Each of the entries should be retyped precisely as it appears.

*** Opening of Extracted records ***

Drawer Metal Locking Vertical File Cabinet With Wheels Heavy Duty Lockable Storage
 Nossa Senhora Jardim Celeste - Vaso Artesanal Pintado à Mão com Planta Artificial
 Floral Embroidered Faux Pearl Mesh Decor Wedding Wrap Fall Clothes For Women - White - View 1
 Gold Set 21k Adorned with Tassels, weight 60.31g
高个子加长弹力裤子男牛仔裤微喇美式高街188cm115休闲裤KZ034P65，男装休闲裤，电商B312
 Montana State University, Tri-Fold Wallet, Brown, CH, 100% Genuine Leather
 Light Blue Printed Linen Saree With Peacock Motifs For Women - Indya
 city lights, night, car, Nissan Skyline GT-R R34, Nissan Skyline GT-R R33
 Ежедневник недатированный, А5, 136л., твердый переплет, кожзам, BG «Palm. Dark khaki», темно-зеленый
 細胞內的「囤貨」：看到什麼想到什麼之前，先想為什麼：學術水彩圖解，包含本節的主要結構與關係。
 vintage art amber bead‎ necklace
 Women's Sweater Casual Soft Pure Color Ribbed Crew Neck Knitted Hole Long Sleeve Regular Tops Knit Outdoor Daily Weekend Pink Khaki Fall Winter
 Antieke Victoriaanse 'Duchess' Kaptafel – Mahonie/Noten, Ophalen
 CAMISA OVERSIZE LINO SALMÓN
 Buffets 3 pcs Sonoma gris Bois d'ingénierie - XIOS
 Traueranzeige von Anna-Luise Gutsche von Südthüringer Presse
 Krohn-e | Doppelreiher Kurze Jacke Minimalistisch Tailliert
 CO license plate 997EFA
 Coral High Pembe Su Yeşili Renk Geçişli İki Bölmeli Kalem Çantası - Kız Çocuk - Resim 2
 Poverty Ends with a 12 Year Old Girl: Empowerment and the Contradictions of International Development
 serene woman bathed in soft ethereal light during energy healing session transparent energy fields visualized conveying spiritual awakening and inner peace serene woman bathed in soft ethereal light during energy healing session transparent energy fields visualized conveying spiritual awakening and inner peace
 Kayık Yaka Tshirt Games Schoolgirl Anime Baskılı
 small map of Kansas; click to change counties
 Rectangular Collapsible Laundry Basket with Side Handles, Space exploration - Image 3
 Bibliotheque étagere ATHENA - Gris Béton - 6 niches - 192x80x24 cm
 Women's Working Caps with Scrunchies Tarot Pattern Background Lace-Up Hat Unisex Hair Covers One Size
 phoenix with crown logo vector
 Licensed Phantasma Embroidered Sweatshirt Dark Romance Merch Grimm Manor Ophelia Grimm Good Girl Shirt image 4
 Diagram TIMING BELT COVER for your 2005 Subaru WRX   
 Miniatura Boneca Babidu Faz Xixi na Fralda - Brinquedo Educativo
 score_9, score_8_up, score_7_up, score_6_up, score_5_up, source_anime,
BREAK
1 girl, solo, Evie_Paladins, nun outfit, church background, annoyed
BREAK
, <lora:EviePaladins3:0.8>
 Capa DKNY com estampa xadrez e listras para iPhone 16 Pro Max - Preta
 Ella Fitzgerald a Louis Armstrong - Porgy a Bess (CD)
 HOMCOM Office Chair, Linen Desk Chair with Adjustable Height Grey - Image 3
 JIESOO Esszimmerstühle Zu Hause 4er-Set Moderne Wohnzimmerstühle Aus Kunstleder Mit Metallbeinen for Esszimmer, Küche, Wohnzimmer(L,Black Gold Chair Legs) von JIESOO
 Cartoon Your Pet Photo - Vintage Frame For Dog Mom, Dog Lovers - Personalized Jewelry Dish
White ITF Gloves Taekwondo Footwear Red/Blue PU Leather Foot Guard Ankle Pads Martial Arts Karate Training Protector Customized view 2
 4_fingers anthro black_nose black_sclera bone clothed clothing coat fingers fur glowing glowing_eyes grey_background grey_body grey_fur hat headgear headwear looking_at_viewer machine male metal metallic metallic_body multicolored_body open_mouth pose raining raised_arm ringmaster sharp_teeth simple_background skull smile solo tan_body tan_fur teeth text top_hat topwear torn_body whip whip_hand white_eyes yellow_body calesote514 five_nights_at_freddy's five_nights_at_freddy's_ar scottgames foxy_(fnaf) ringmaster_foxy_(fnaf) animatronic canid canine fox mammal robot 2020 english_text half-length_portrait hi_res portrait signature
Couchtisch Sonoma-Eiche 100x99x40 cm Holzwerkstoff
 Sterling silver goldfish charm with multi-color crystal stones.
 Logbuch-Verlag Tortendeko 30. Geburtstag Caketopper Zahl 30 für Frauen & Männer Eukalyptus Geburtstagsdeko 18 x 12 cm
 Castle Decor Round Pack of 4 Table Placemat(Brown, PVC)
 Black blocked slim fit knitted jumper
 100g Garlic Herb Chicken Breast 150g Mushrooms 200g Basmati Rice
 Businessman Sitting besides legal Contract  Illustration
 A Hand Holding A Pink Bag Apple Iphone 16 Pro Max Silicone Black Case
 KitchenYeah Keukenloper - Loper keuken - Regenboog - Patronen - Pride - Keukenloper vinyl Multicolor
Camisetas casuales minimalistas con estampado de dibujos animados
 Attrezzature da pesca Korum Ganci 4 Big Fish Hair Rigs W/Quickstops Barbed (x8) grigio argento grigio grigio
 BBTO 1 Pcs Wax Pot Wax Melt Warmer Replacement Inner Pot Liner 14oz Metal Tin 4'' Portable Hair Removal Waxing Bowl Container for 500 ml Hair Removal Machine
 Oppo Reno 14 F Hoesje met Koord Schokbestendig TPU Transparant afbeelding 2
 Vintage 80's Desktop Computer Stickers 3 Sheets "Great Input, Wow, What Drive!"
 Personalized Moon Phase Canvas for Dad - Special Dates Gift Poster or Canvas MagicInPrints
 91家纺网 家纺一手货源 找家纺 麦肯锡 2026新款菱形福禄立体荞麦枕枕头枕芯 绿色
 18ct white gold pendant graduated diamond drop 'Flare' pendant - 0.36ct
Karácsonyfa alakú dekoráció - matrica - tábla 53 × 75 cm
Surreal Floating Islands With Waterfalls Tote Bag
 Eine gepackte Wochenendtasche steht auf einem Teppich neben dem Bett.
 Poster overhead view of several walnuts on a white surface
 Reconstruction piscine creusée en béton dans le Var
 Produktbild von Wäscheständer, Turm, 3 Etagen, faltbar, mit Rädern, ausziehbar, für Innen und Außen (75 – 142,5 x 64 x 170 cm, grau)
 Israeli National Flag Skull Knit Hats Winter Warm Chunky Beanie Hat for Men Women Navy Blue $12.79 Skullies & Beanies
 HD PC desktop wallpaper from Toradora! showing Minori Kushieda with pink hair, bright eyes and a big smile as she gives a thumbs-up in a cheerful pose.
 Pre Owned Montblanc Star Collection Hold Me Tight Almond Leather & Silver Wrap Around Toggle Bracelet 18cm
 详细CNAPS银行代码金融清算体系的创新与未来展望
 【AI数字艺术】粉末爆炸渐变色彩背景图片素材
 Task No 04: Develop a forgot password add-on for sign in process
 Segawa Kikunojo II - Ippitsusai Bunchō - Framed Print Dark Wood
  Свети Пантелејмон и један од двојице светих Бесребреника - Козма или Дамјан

*** Close of Extracted records ***

Solution for this task =>
Drawer Metal Locking Vertical File Cabinet With Wheels Heavy Duty Lockable Storage
 Nossa Senhora Jardim Celeste - Vaso Artesanal Pintado à Mão com Planta Artificial
 Floral Embroidered Faux Pearl Mesh Decor Wedding Wrap Fall Clothes For Women - White - View 1
 Gold Set 21k Adorned with Tassels, weight 60.31g
高个子加长弹力裤子男牛仔裤微喇美式高街188cm115休闲裤KZ034P65，男装休闲裤，电商B312
 Montana State University, Tri-Fold Wallet, Brown, CH, 100% Genuine Leather
 Light Blue Printed Linen Saree With Peacock Motifs For Women - Indya
 city lights, night, car, Nissan Skyline GT-R R34, Nissan Skyline GT-R R33
 Ежедневник недатированный, А5, 136л., твердый переплет, кожзам, BG «Palm. Dark khaki», темно-зеленый
 細胞內的「囤貨」：看到什麼想到什麼之前，先想為什麼：學術水彩圖解，包含本節的主要結構與關係。
 vintage art amber bead‎ necklace
 Women's Sweater Casual Soft Pure Color Ribbed Crew Neck Knitted Hole Long Sleeve Regular Tops Knit Outdoor Daily Weekend Pink Khaki Fall Winter
 Antieke Victoriaanse 'Duchess' Kaptafel – Mahonie/Noten, Ophalen
 CAMISA OVERSIZE LINO SALMÓN
 Buffets 3 pcs Sonoma gris Bois d'ingénierie - XIOS
 Traueranzeige von Anna-Luise Gutsche von Südthüringer Presse
 Krohn-e | Doppelreiher Kurze Jacke Minimalistisch Tailliert
 CO license plate 997EFA
 Coral High Pembe Su Yeşili Renk Geçişli İki Bölmeli Kalem Çantası - Kız Çocuk - Resim 2
 Poverty Ends with a 12 Year Old Girl: Empowerment and the Contradictions of International Development
 serene woman bathed in soft ethereal light during energy healing session transparent energy fields visualized conveying spiritual awakening and inner peace serene woman bathed in soft ethereal light during energy healing session transparent energy fields visualized conveying spiritual awakening and inner peace
 Kayık Yaka Tshirt Games Schoolgirl Anime Baskılı
 small map of Kansas; click to change counties
 Rectangular Collapsible Laundry Basket with Side Handles, Space exploration - Image 3
 Bibliotheque étagere ATHENA - Gris Béton - 6 niches - 192x80x24 cm
 Women's Working Caps with Scrunchies Tarot Pattern Background Lace-Up Hat Unisex Hair Covers One Size
 phoenix with crown logo vector
 Licensed Phantasma Embroidered Sweatshirt Dark Romance Merch Grimm Manor Ophelia Grimm Good Girl Shirt image 4
 Diagram TIMING BELT COVER for your 2005 Subaru WRX   
 Miniatura Boneca Babidu Faz Xixi na Fralda - Brinquedo Educativo
 score_9, score_8_up, score_7_up, score_6_up, score_5_up, source_anime,
BREAK
1 girl, solo, Evie_Paladins, nun outfit, church background, annoyed
BREAK
, <lora:EviePaladins3:0.8>
 Capa DKNY com estampa xadrez e listras para iPhone 16 Pro Max - Preta
 Ella Fitzgerald a Louis Armstrong - Porgy a Bess (CD)
 HOMCOM Office Chair, Linen Desk Chair with Adjustable Height Grey - Image 3
 JIESOO Esszimmerstühle Zu Hause 4er-Set Moderne Wohnzimmerstühle Aus Kunstleder Mit Metallbeinen for Esszimmer, Küche, Wohnzimmer(L,Black Gold Chair Legs) von JIESOO
 Cartoon Your Pet Photo - Vintage Frame For Dog Mom, Dog Lovers - Personalized Jewelry Dish
White ITF Gloves Taekwondo Footwear Red/Blue PU Leather Foot Guard Ankle Pads Martial Arts Karate Training Protector Customized view 2
 4_fingers anthro black_nose black_sclera bone clothed clothing coat fingers fur glowing glowing_eyes grey_background grey_body grey_fur hat headgear headwear looking_at_viewer machine male metal metallic metallic_body multicolored_body open_mouth pose raining raised_arm ringmaster sharp_teeth simple_background skull smile solo tan_body tan_fur teeth text top_hat topwear torn_body whip whip_hand white_eyes yellow_body calesote514 five_nights_at_freddy's five_nights_at_freddy's_ar scottgames foxy_(fnaf) ringmaster_foxy_(fnaf) animatronic canid canine fox mammal robot 2020 english_text half-length_portrait hi_res portrait signature
Couchtisch Sonoma-Eiche 100x99x40 cm Holzwerkstoff
 Sterling silver goldfish charm with multi-color crystal stones.
 Logbuch-Verlag Tortendeko 30. Geburtstag Caketopper Zahl 30 für Frauen & Männer Eukalyptus Geburtstagsdeko 18 x 12 cm
 Castle Decor Round Pack of 4 Table Placemat(Brown, PVC)
 Black blocked slim fit knitted jumper
 100g Garlic Herb Chicken Breast 150g Mushrooms 200g Basmati Rice
 Businessman Sitting besides legal Contract  Illustration
 A Hand Holding A Pink Bag Apple Iphone 16 Pro Max Silicone Black Case
 KitchenYeah Keukenloper - Loper keuken - Regenboog - Patronen - Pride - Keukenloper vinyl Multicolor
Camisetas casuales minimalistas con estampado de dibujos animados
 Attrezzature da pesca Korum Ganci 4 Big Fish Hair Rigs W/Quickstops Barbed (x8) grigio argento grigio grigio
 BBTO 1 Pcs Wax Pot Wax Melt Warmer Replacement Inner Pot Liner 14oz Metal Tin 4'' Portable Hair Removal Waxing Bowl Container for 500 ml Hair Removal Machine
 Oppo Reno 14 F Hoesje met Koord Schokbestendig TPU Transparant afbeelding 2
 Vintage 80's Desktop Computer Stickers 3 Sheets "Great Input, Wow, What Drive!"
 Personalized Moon Phase Canvas for Dad - Special Dates Gift Poster or Canvas MagicInPrints
 91家纺网 家纺一手货源 找家纺 麦肯锡 2026新款菱形福禄立体荞麦枕枕头枕芯 绿色
 18ct white gold pendant graduated diamond drop 'Flare' pendant - 0.36ct
Karácsonyfa alakú dekoráció - matrica - tábla 53 × 75 cm
Surreal Floating Islands With Waterfalls Tote Bag
 Eine gepackte Wochenendtasche steht auf einem Teppich neben dem Bett.
 Poster overhead view of several walnuts on a white surface
 Reconstruction piscine creusée en béton dans le Var
 Produktbild von Wäscheständer, Turm, 3 Etagen, faltbar, mit Rädern, ausziehbar, für Innen und Außen (75 – 142,5 x 64 x 170 cm, grau)
 Israeli National Flag Skull Knit Hats Winter Warm Chunky Beanie Hat for Men Women Navy Blue $12.79 Skullies & Beanies
 HD PC desktop wallpaper from Toradora! showing Minori Kushieda with pink hair, bright eyes and a big smile as she gives a thumbs-up in a cheerful pose.
 Pre Owned Montblanc Star Collection Hold Me Tight Almond Leather & Silver Wrap Around Toggle Bracelet 18cm
 详细CNAPS银行代码金融清算体系的创新与未来展望
 【AI数字艺术】粉末爆炸渐变色彩背景图片素材
 Task No 04: Develop a forgot password add-on for sign in process
 Segawa Kikunojo II - Ippitsusai Bunchō - Framed Print Dark Wood
  Свети Пантелејмон и један од двојице светих Бесребреника - Козма или Дамјан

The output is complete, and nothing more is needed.